Once more the Foley poetry contest has run its three-month course, a thin flow of entries during most of that time but a veritable spate (about 400 poems) in the final week. As judge, along with William Rewak, S.J., of Loyola Marymount University, and Professor Claudia MonPere McIsaac, of Santa Clara University, I welcomed submissions from faraway places, including Goa and Andhra Pradesh in India, Sint Marten (Netherlands Antilles) and Antigua in the Caribbean, Yangon in Myanmar and Kibbutz Kramin in Israel.
I like to harvest striking lines or expressions. Kathy Arens tries to pair off the opposing forces, chaos and faith, with her title “Random Purpose.” The Rev. Stephen B. Perzan, a priest from Philadelphia in his 60th year at the altar, finds himself “looking down the aisle of life.” Bradford Manderfield calls the stop sign at an intersection “the icon of obedience.” One of many religious sisters, Jeanne Morin, S.N.J.M., celebrating “the gentle curve of Mother Earth,” informs us it is called “The Compassionate Curve.” I was happy to learn that. Another sister, Jerilyn Hunihan, A.S.C.J., a counselor to prisoners detained and awaiting sentence, writes of “the risen ones behind bars.”
The poems in this yearly cascade keep reminding me how precious life is. They are full of grief shared, outrage vented, memories cherished and piety outpoured. The sun does not shine evenly in all. Paul Poskozim, considering “dark shadows of the mind,” calls them “brain waves crashing on the shores of time.” Anna Rebecca Wood says of all the acrimony today: “Gnashing of teeth turns national creed.” Monty Joynes, a veteran of past wars, muses on the enlistment for present combat: “Boys will again/ experience a ruthlessness they/ cannot anticipate and/ killing and death will change them.” L. E. Bryan, writing of Vietnam in 1966, remembers “smoking till we were high enough to be at peace with war.”

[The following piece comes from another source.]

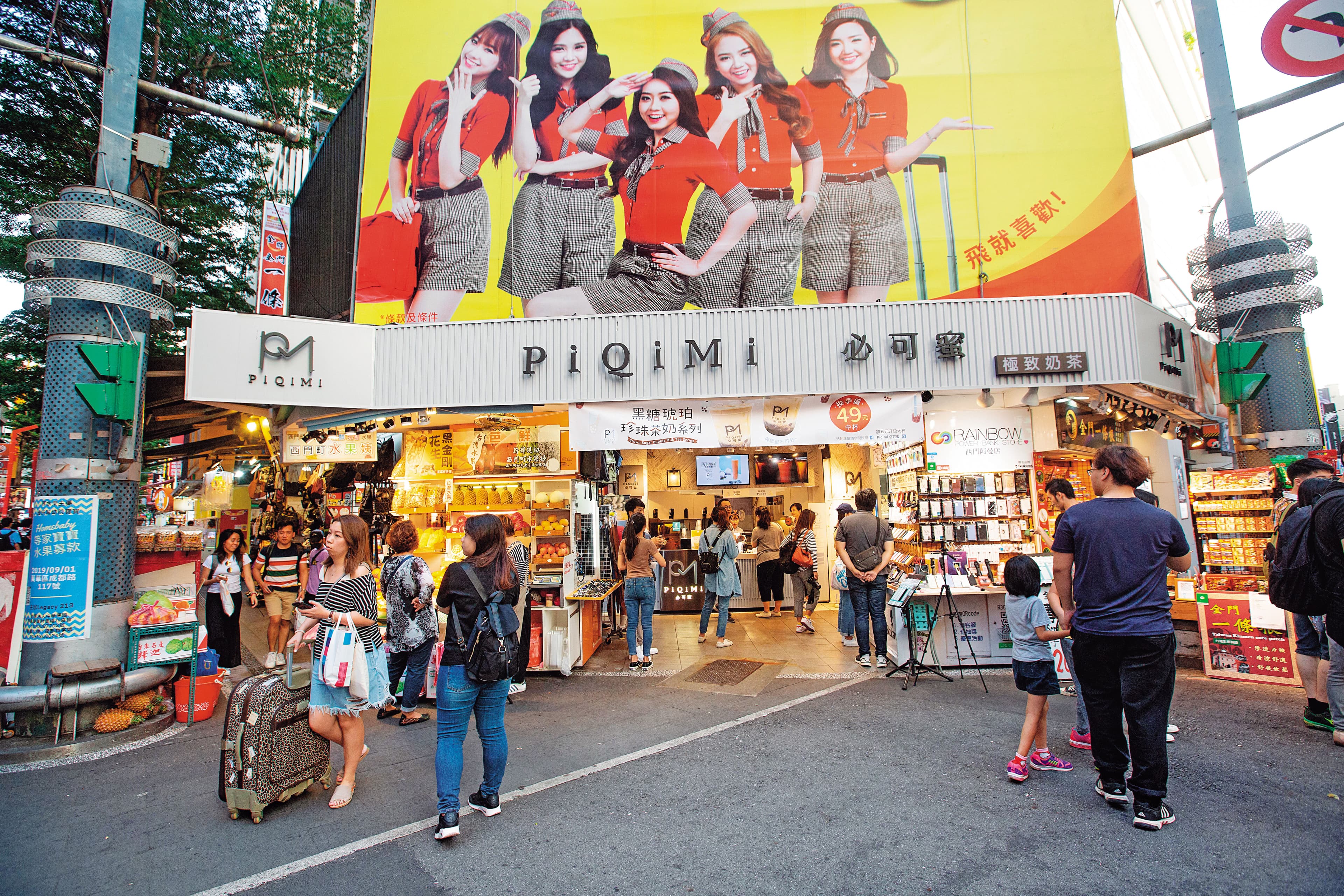 必可蜜位在西門町電影街對角的店面雖只有二坪大,但人潮不少。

Kenneth Stier Jr., in “Loons,” addresses “your lonely wails, your banshee cries/ your joyous in-flight tremolos” and concludes, “You are a metaphor of me.” In her poem “If Only,” 10-year-old Courtney Bogani offers us this stanza: “If I could only have the talent/ To make people smile when they are ill/ I’d say, ‘Today will be amazing.’/ And then I would make them food fresh off the grill.” Good start! A retired bishop, Sylvester Ryan of Monterey, serves up “a thought”: “When Jesus offered a drink of living water/ to the woman at the well,/ was it more a torrent he had in mind/ sweeping her away toward/ fathoms of mercy/ where she could just—plunge?”
What concerns me in any poem is the quality of imagination and distinction of wording, of course, but also the question, Will it have some recognizable pace? By this I mean rhythm, or linkage of sounds, i.e., music of its own. I find much fine writing in the Foley poems—profiles, stories, vivid memories, commentary. I just wish more of them would somehow sing.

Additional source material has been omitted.